E pronto, já temos o “nosso” Salman Rushdie!
Caim, …caiu mesmo nas livrarias. E tal como Saramago queria, com polémica, para se vender mais!
Apesar de toda a polémica, não faço conta de o ler, porque já conheço a história do antigo testamento e como não li nenhum livro de Saramago com a excepção da “jangada de pedra” também não vou ler este, por muita publicidade que lhe façam.
Apesar disso, apetece-me deixar uma breve reflexão sobre este paradigma comercial em torno de um “conto” bíblico.
Rshdie foi ameaçado e perseguido por todo o mundo Islâmico, enquanto a única ameaça feita a José Saramago foi alguém ter tido um dia a lucidez de lhe entregar o Nobel da literatura.
Não sou, nem nunca fui, um intelectual, bem pelo contrário: prefiro os pequenos relatos de Sepúlveda, a poesia de Fernando Pessoa, os "Contos" do Eça, ou as crónicas de António Lobo Antunes, parece-me a escolha correcta.
Quanto à Bíblia, com inspiração divina ou sem ela, a civilização a que Saramago pertence divulgou coisas magníficas, como a solidariedade humana e o respeito pelo próximo, e coisas horríveis como a crueldade, a intolerância e a indiferença. A civilização a que o senhor Saramago pertence inspirou génios, como Miguel Ângelo, Mozart, … e pessoas odiosas e rancorosas.

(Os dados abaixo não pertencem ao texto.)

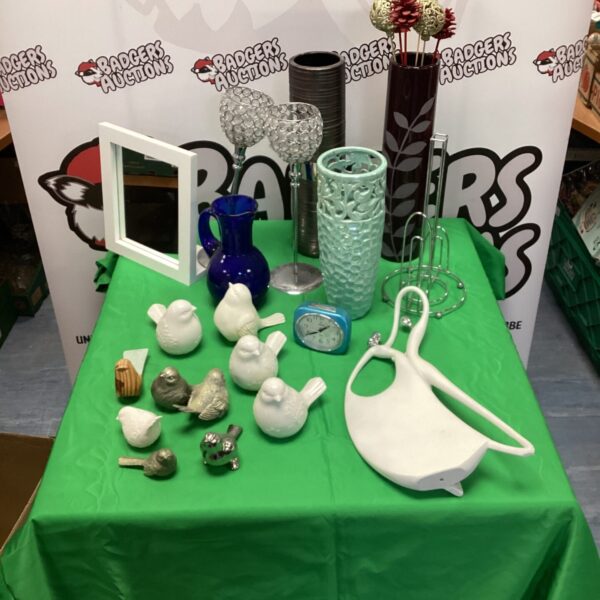 Mixed home clearance lot with vases, mirror and ornaments.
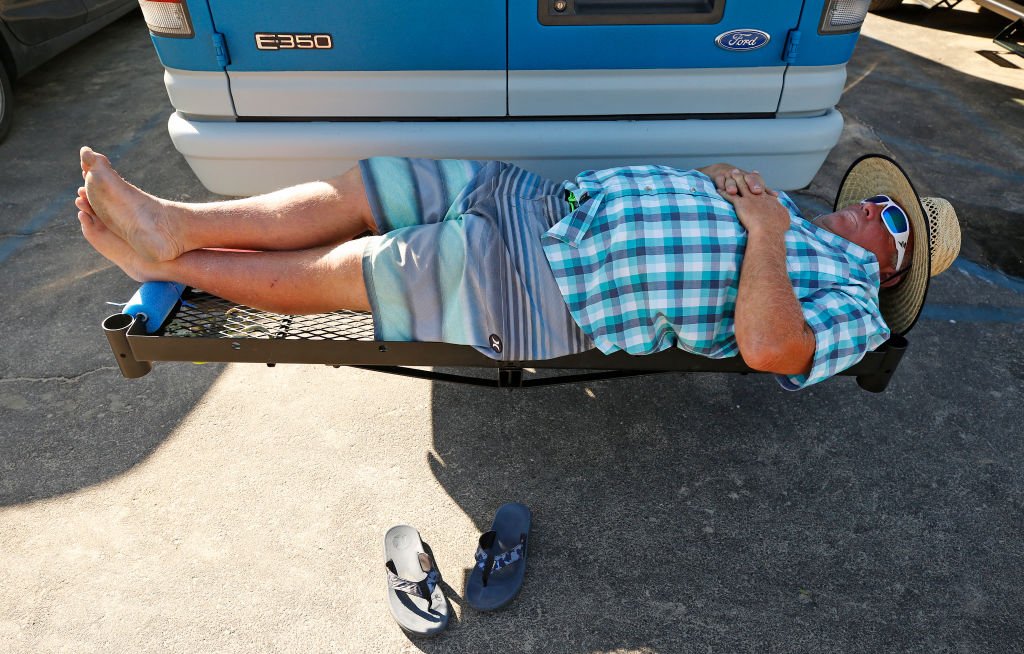 Un homme fait une sieste sur le dos| Photo : Getty Image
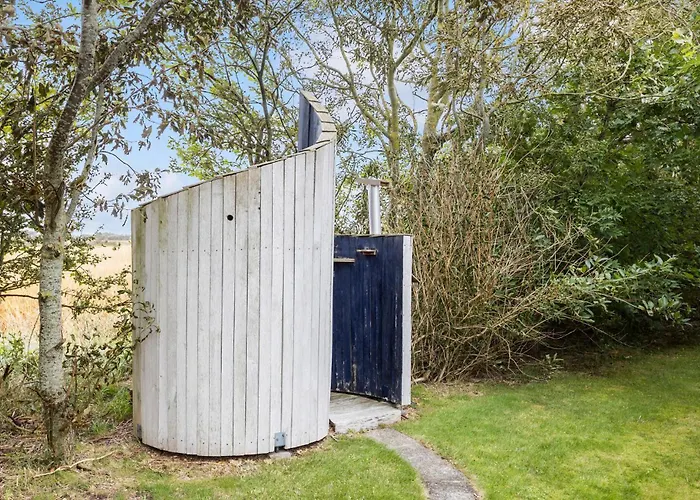 4 Bedroom Cozy In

Se olharmos a religião, qualquer religião monoteísta, é fácil concluir que os males que tem causado e continua a causar à humanidade não advêm da sua prática comum mas das interpretações fundamentalistas, fanáticas, agressivas e inumanas que os seus intérpretes lhes quiseram dar.
O mesmo não se passa com certas ideias que, não recorrendo a dogmas mais ou menos metafísicos, como o bolchevismo e o nazismo, são más em si e não consoante a interpretação que se lhes dá.
Pode argumentar-se que, de um tronco comum, estas religiões derivam, para os não crentes, de um só corpo de lendas a que o tempo, a imaginação dos homens, os azares da guerra ou as oportunidades da política foram dando formas diversas. De qualquer maneira, em todas elas é possível encontrar um código de conduta que informa positivamente o comportamento social e que só se tornará indesejável por ausência ou por perversa interpretação.
Pelo que as crenças dos outros, para quem as não aceita, serão más ou boas, não em si mesmas, mas consoante se interpretam e utilizam.
O que o senhor Saramago faz é dar à sua não crença, em princípio legítima, um valor mais fundamentalista que as mais fundamentalistas interpretações dos crentes e um conteúdo de ódio e de intolerância próprios da mais horrível mentalidade, seja qual for a escala de valores não fanáticos que se use para a classificar.
Dir-se-á, com inteira propriedade, que o Saramago é, desde sempre, uma espécie de dono de uma verdade, a sua, que, por definição por ele achada, vale muito mais que as dos outros.
Nada a estranhar, o irritado arrisca, uma interpretação algo diferente do que seria de esperar.